A enfermeira Liliane de Souza Bonfim Duarte, de 51 anos, não resistiu e morreu nesta sexta-feira (06), após ser atacada a golpes de marreta pelo marido em Ponta Porã, município localizado a 313 quilômetros de Campo Grande.
Instantes antes do ataque, ela chegou a pedir para os filhos saírem de casa, mas o subtenente do Corpo de Bombeiros, Elianderson Duarte, acabou agredindo dois deles, de 15 e 17 anos.

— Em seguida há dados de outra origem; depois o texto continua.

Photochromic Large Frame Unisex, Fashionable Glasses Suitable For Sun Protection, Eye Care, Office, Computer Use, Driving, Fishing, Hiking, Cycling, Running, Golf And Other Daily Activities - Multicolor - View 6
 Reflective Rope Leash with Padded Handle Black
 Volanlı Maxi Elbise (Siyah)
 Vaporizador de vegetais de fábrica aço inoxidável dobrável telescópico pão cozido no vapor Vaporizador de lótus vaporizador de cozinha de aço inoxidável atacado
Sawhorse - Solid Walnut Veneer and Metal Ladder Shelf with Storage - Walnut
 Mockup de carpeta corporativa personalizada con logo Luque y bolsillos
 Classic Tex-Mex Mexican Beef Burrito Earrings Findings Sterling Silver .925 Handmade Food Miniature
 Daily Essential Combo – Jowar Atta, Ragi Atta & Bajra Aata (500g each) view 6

Em seguida, passou a atingir a esposa a golpes de marreta. O filho de 11 anos presenciou tudo e foi o único que escapou de ser agredido pelo pai.
A polícia informou que os três filhos têm Transtorno do Espectro Autista (TEA).
Entenda
Até o momento, a polícia não informou o que o bombeiro alegou em depoimento para justificar a agressão.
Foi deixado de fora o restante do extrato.